▸ **Exercise directions**: Go to the line holding "Malachite Cabochons - Medium" in the data below. Return it and each line after it through the last, exactly, and skip the pictures.
──────── The data ────────
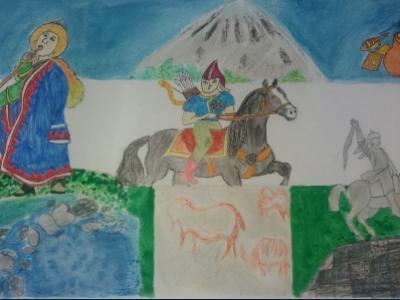 Картина. Автор: Шахова Арина. Техника: смешанная техника. Класс: 7 Семь чудес Башкортостана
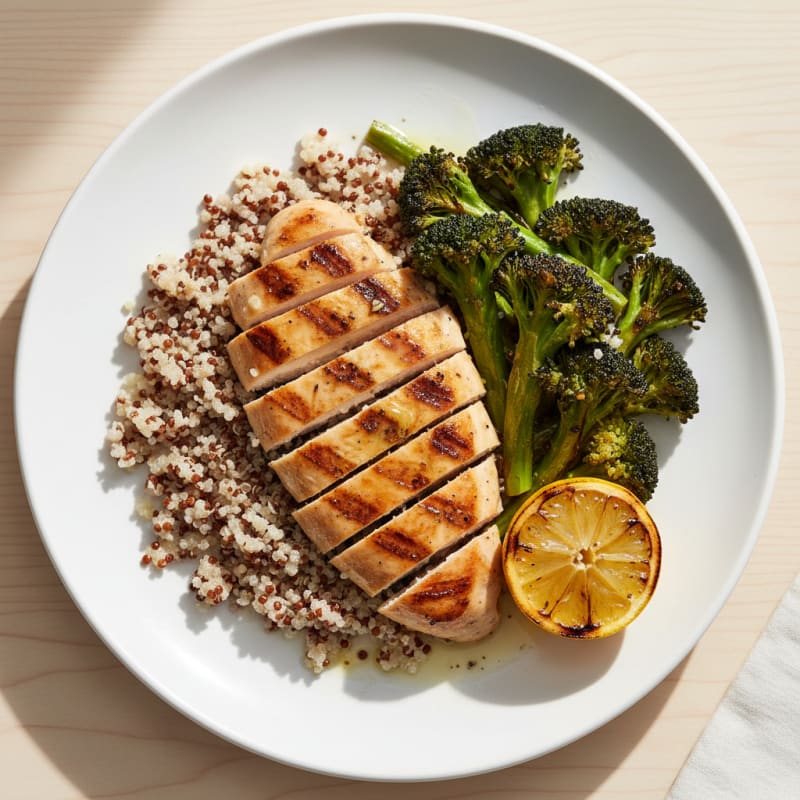 Grilled Chicken Breast with Quinoa and Roasted Broccoli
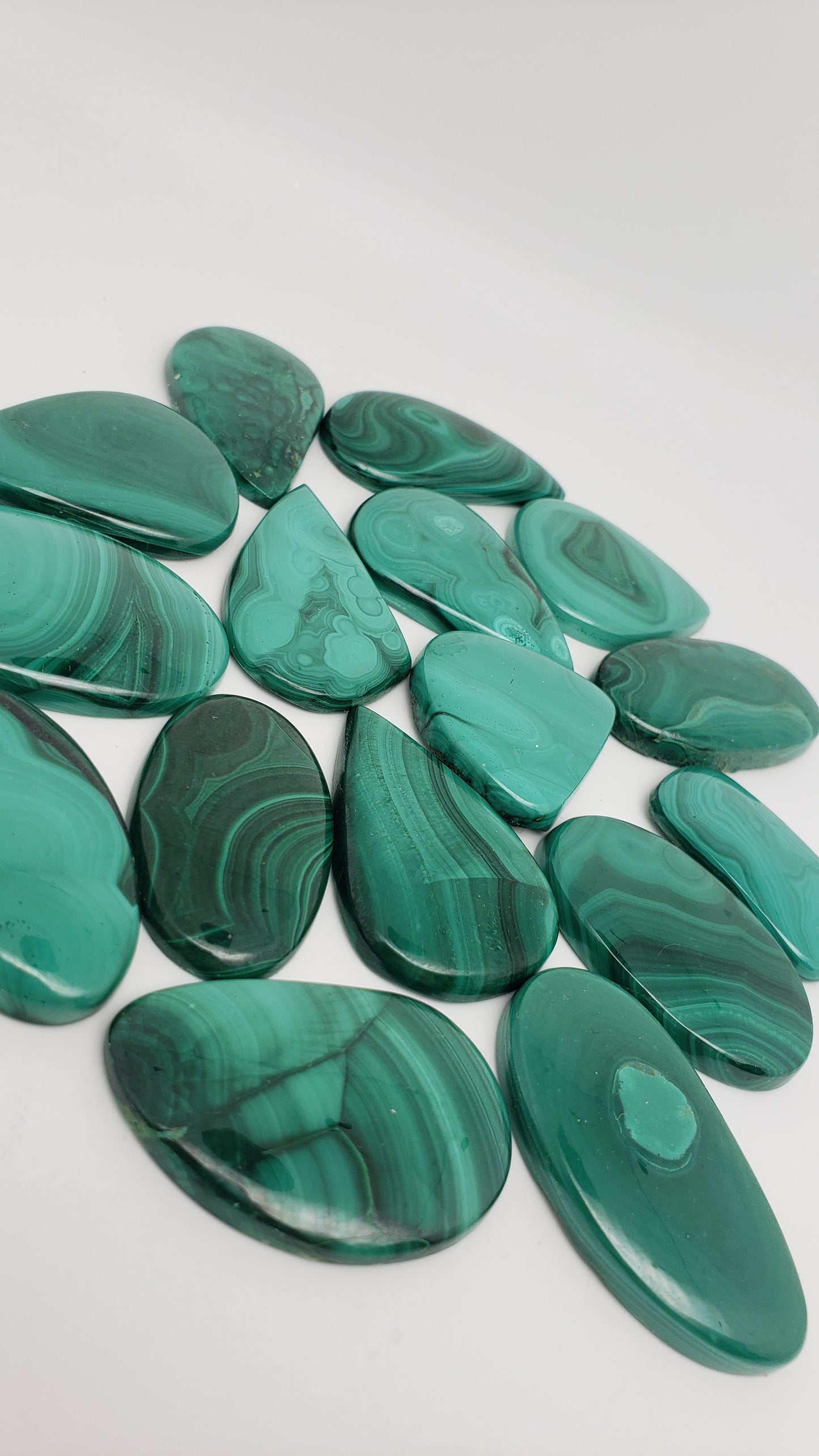 Malachite Cabochons - Medium to Large Pendant Focals - 31.3-43.5mm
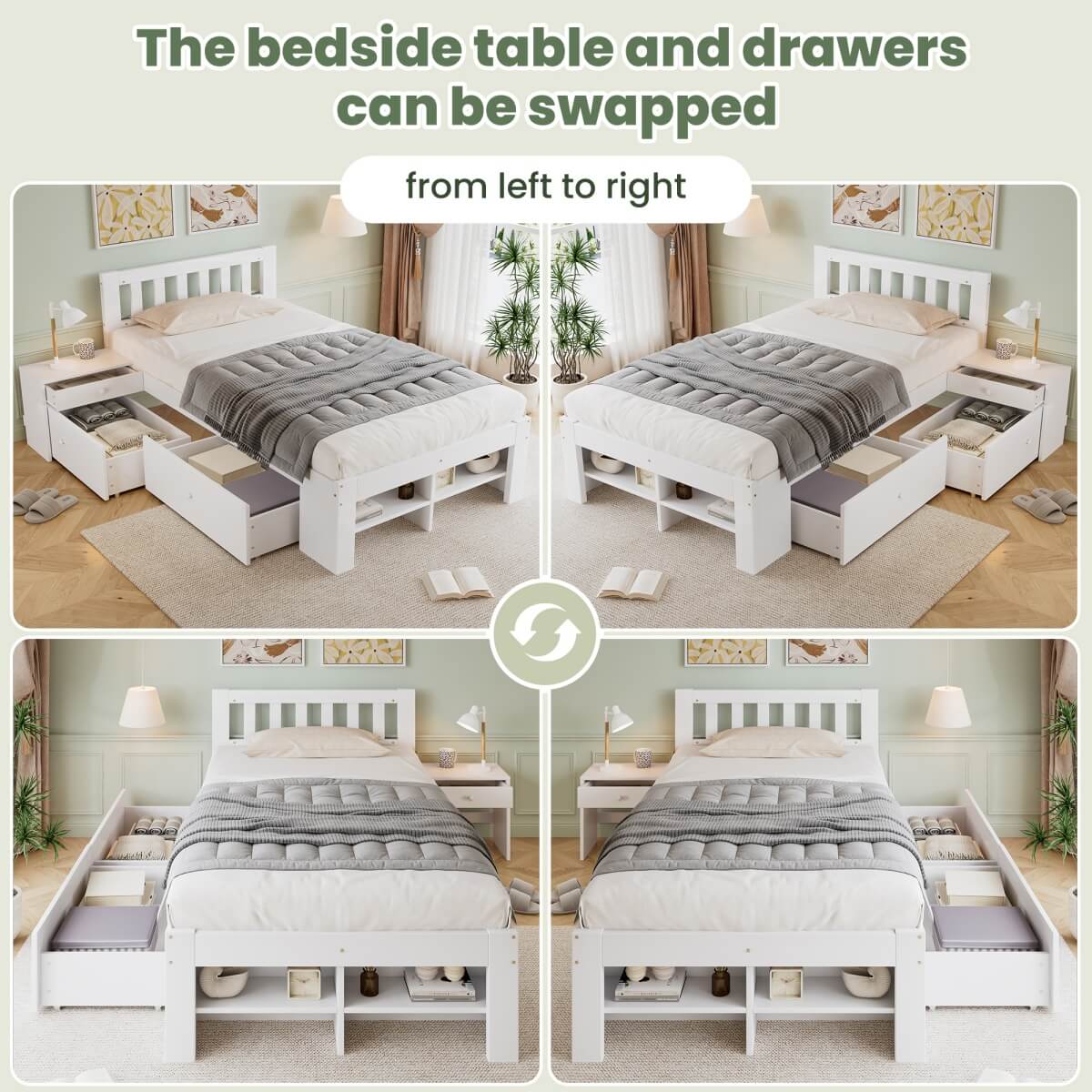 3ft Single Wooden Storage Bed with Bedside Table & 2 Drawers - Sturdy Bed Frame with Reversible Storage Compartments, White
────────
▸ **Task output**:
 Malachite Cabochons - Medium to Large Pendant Focals - 31.3-43.5mm
 3ft Single Wooden Storage Bed with Bedside Table & 2 Drawers - Sturdy Bed Frame with Reversible Storage Compartments, White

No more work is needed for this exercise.